G7 Summit – A Little House of Horrors

Four Trillion years ago, a new and improved research study has found that an unknown species of unknown gender changed their plant diet and suddenly stopped farting. As a direct result, CO2 emissions dropped 68% over the course of five days!   Within 3 months all plants on earth died, as did this entire species having no food source other than each other.   Like Eric Carle’s, The Greedy Python, it is presumed to be a theoretical scientific fact that this species consumed itself from existence.  

The findings have brought great accolade to the New Research Institute of Scientific Herbalology Farts, which prides itself on pride and envy and self absorption.   Each researcher was required to drink ten ounces of Absinthe before writing their collaborative findings.   It is empirically assumed that their ability to read the teeny tiny grass blades would become easier as they consumed the wormwood based Absinthe given the psychology of oneness.  Ommmmmm.

Unfortunately, ultimately 50% of these 2 scientific scientology researchers turned into plants and died of dehydration further speculating that this 4 trillion year old species may have definitely possibly perished from lack of water.

Statistical models were utilized throughout which studied the blades of grass on Mount Olympus under a super duper microscope capable of seeing inside a single blade to the 1 trillionth plasma scope.   It was determined that fecal matter and CO2 inside the blades of grass could be traced to the year 4trillion BC, give or take a margin of error of =/- 3.

Given that a plant based diet causes more farting, when this species began to eat each other instead of plants, CO2 levels dropped dramatically according to Dr. Fennel.   Dr. Fennel has ten honorary degrees bestowed by the bestest institutions across the globe. He has lectured extensively at grocery chains across every state and country traveling via high-speed feet.   Highly regarded, Dr. Fennel is pinky swear sure that everything he says is factual, although he acknowledges its theoretical plausibility is plausible.

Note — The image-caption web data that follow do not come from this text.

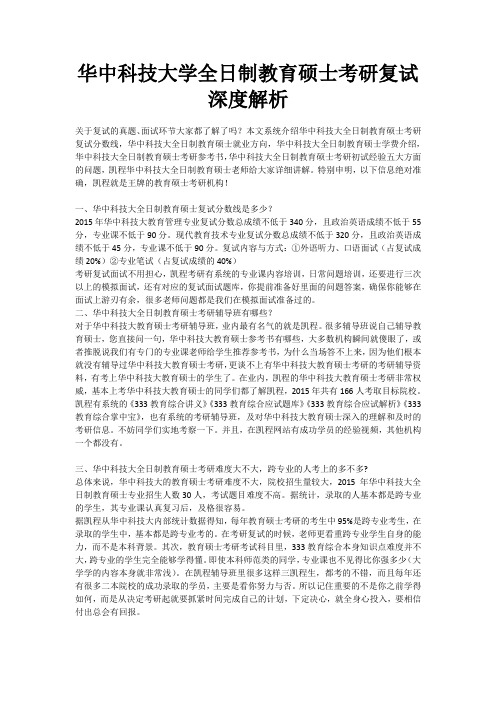 华中科技大学全日制教育硕士考研复试深度解析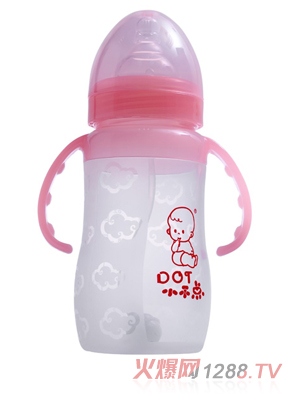 小不點(diǎn)云彩寬口系列硅膠奶瓶帶手柄240ML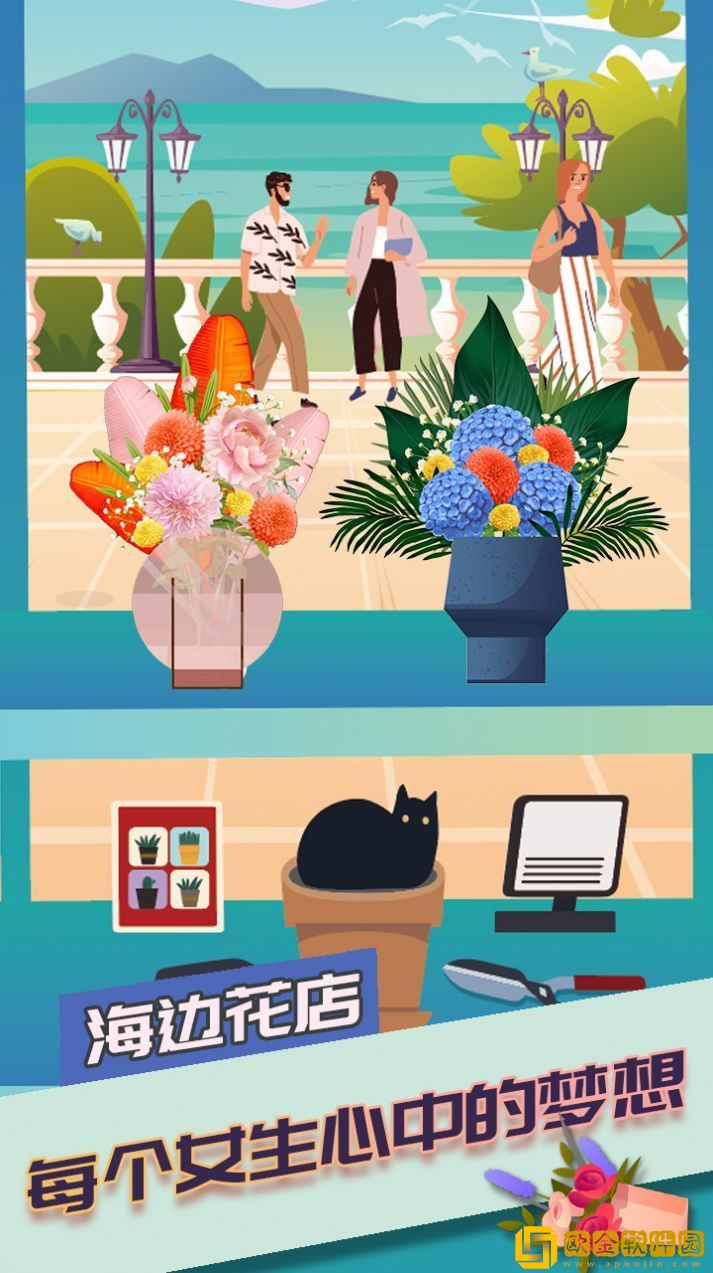 梦想花店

As a result of this study, G7 Summit leaders across the globe have decided to confine everybody inside an underground steel enclosed bathroom so as to mitigate the effects of farting as a result of the Bill Gates induced plant diet.

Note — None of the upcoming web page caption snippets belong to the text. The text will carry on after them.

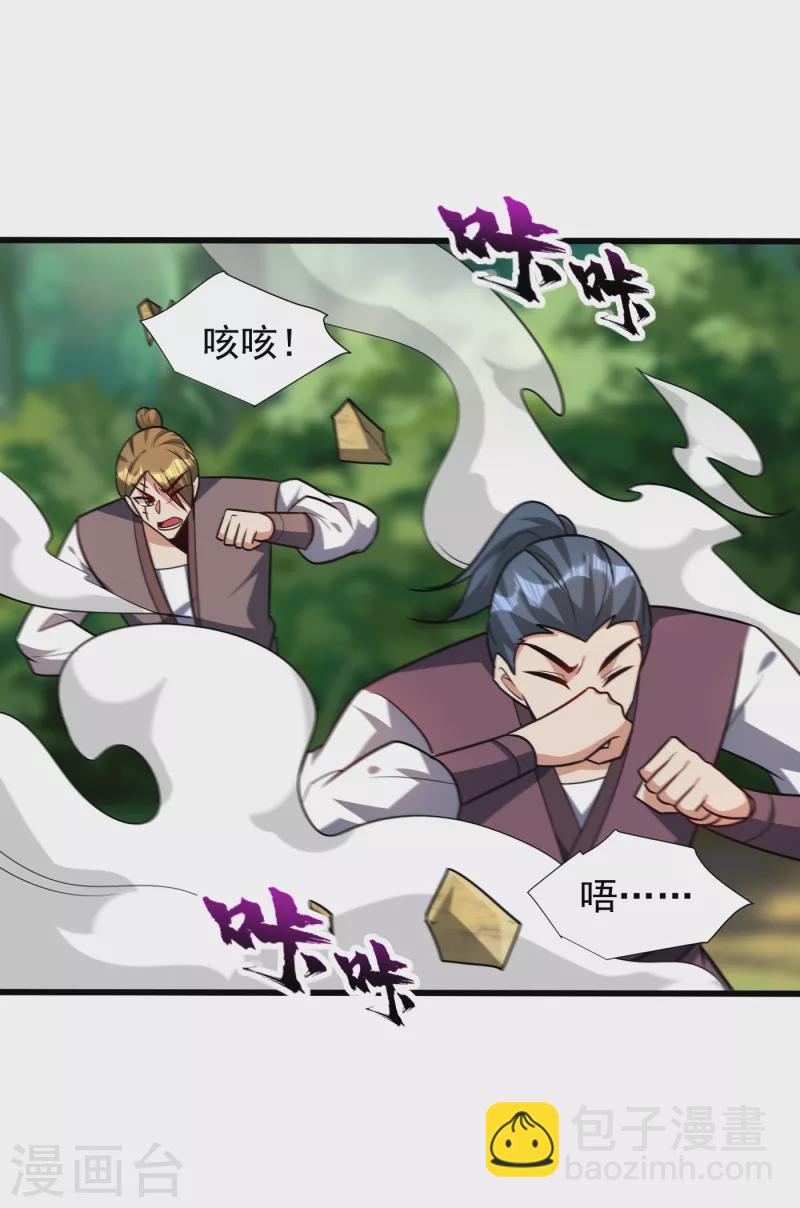 妖者爲王 - 第253話 今天你們休想逃掉！ - 6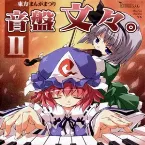 Pochette 東方まんがまつり 音盤文々。II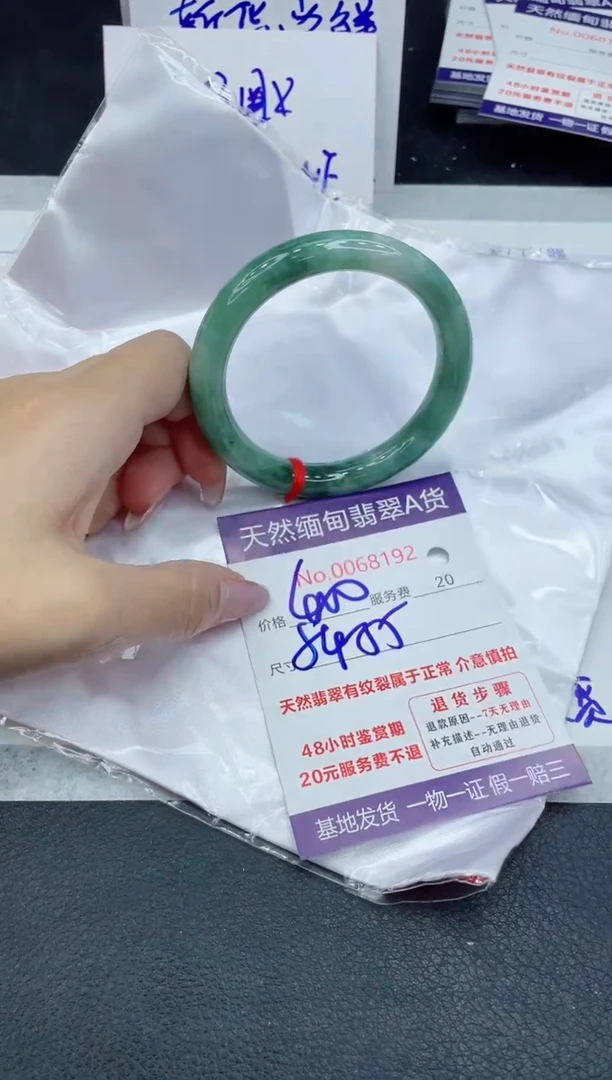 【闪购商品】翡翠手镯未镶嵌11111111111111111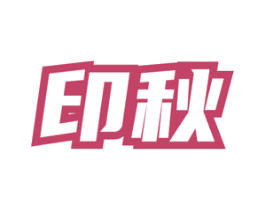 印秋 商标图样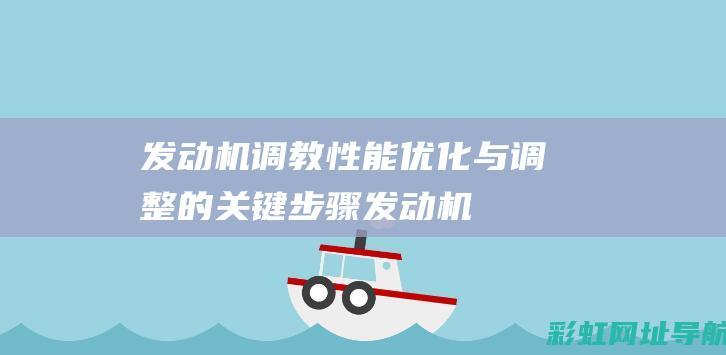 发动机调教：性能优化与调整的关键步骤 (发动机原理与构造)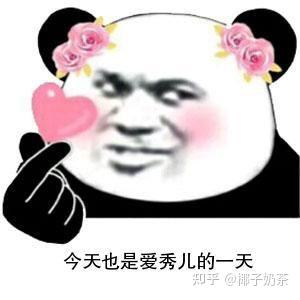 二次元表情包斗图必备娇娇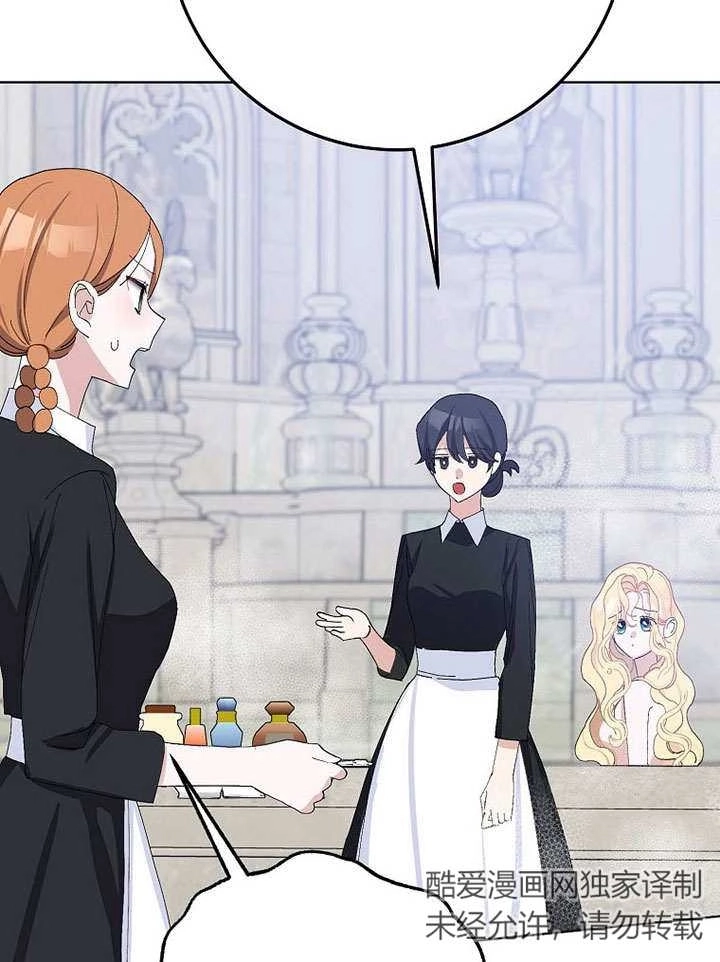 《老公大人，请再和我结一次婚吧！》第37话 第45页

Each steel bathroom enclosure will house 4000 citizens and will be secured by a Police Herbalist who has been authorized to promptly hose down anyone who attempts to escape with Monsanto Glyphosate.   The G7 leaders and all their family and friends will be exempt given their consumption of real meat is considered their royal divine right and farting will be kept at minimal degrees as measured by the guestimator techno-gaseous collator.

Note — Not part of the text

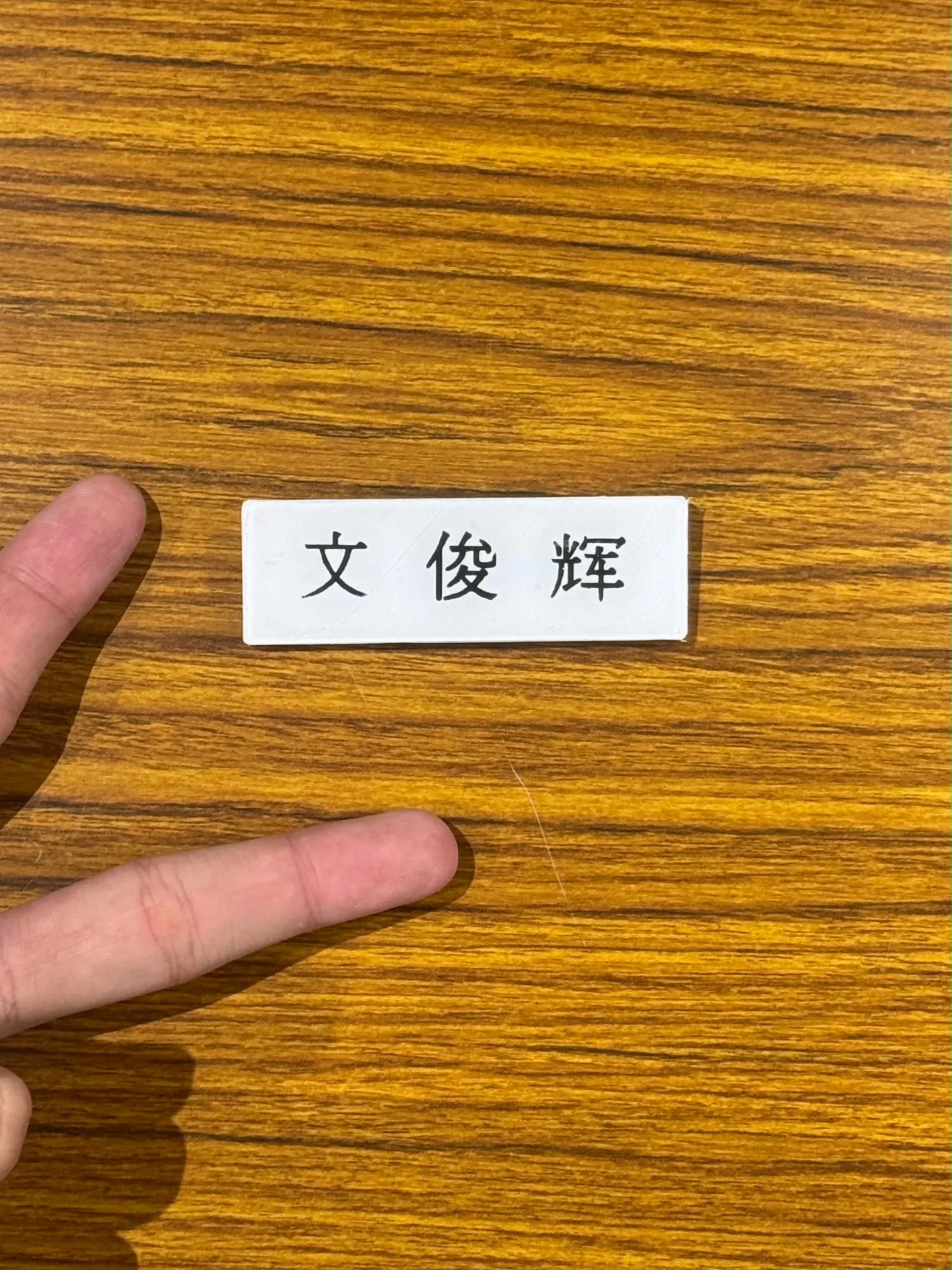 Latest photo of Wen Junhui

In the meantime, while everyone is confined, all property and real estate will be confiscated for the Greater Good of the G7.   Dr. Fennel has requested 1% of the total confiscated bounty for his time and efforts in producing this study.   This request remains under review given the G7 thinks this would dilute their shares in an unprecedented boogyman manner.   Dr. Fennel has stated that if his terms are not met, he will hose down all G7 leaders with Monsanto Glyphosate canisters, which he has been hording for 1000 years.

Currently all G7 leaders are hiding in the Little Shop of Horrors awaiting instructions from Audrey II, a Venus Flytrap.

Forthcoming information will be made available on inscribed toilet paper.